*** Opening of Dataset content ***
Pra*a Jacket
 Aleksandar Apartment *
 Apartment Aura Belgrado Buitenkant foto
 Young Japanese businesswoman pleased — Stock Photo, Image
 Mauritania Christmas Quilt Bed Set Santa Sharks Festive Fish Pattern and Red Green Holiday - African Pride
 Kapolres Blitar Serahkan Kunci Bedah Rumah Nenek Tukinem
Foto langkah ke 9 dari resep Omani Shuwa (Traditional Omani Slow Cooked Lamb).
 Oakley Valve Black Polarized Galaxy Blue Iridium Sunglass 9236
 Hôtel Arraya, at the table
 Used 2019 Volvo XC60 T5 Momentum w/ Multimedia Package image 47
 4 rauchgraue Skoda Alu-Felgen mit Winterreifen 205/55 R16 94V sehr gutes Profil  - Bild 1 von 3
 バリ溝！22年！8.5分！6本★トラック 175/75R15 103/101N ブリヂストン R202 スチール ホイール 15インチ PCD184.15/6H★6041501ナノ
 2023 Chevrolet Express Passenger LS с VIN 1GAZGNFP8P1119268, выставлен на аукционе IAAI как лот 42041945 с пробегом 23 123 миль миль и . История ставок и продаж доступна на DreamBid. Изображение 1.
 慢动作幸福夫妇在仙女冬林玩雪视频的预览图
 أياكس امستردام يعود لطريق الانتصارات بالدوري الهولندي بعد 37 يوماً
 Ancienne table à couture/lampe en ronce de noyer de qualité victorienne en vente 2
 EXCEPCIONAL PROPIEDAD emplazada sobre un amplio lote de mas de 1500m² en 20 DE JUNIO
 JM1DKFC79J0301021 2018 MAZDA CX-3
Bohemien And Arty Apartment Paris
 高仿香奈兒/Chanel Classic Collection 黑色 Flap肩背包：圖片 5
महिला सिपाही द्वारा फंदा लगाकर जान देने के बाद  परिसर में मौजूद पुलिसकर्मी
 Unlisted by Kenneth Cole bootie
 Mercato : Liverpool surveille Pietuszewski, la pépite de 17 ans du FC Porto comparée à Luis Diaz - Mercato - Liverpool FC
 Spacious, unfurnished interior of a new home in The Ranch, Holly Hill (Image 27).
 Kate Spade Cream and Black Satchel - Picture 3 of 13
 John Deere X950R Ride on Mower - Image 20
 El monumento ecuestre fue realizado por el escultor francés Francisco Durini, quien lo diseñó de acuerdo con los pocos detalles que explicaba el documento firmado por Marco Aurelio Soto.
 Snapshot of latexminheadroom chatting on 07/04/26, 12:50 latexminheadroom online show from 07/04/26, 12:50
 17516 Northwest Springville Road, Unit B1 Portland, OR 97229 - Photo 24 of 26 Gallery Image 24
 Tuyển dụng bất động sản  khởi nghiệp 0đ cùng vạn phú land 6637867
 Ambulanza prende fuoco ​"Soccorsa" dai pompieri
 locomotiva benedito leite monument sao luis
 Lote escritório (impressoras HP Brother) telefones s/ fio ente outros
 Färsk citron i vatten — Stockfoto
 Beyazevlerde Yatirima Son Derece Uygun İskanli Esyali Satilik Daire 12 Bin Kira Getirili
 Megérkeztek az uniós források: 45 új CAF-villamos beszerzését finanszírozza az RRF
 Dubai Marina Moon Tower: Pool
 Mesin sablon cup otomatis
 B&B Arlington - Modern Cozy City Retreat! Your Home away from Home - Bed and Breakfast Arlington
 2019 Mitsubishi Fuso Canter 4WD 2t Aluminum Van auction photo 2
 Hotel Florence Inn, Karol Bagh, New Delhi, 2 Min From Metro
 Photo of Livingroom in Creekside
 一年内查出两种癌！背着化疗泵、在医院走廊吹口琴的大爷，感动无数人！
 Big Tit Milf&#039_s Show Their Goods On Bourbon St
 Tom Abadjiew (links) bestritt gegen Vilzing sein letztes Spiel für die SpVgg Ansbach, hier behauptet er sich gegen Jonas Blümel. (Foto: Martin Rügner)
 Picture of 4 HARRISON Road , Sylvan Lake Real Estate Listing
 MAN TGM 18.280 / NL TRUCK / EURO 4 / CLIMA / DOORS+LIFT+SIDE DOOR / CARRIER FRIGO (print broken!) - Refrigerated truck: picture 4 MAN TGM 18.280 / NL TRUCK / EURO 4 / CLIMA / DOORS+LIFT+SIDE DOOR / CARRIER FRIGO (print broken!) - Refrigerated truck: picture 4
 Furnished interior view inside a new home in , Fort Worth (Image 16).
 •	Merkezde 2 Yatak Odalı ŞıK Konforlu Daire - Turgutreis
*** Close of Dataset content ***
**What is being asked**:
Return every line from the one holding "Hotel Florence Inn, Karol" through the end of the data, exactly as it appears, with both ends kept and nothing else.

**Result of this task**:
 Hotel Florence Inn, Karol Bagh, New Delhi, 2 Min From Metro
 Photo of Livingroom in Creekside
 一年内查出两种癌！背着化疗泵、在医院走廊吹口琴的大爷，感动无数人！
 Big Tit Milf&#039_s Show Their Goods On Bourbon St
 Tom Abadjiew (links) bestritt gegen Vilzing sein letztes Spiel für die SpVgg Ansbach, hier behauptet er sich gegen Jonas Blümel. (Foto: Martin Rügner)
 Picture of 4 HARRISON Road , Sylvan Lake Real Estate Listing
 MAN TGM 18.280 / NL TRUCK / EURO 4 / CLIMA / DOORS+LIFT+SIDE DOOR / CARRIER FRIGO (print broken!) - Refrigerated truck: picture 4 MAN TGM 18.280 / NL TRUCK / EURO 4 / CLIMA / DOORS+LIFT+SIDE DOOR / CARRIER FRIGO (print broken!) - Refrigerated truck: picture 4
 Furnished interior view inside a new home in , Fort Worth (Image 16).
 •	Merkezde 2 Yatak Odalı ŞıK Konforlu Daire - Turgutreis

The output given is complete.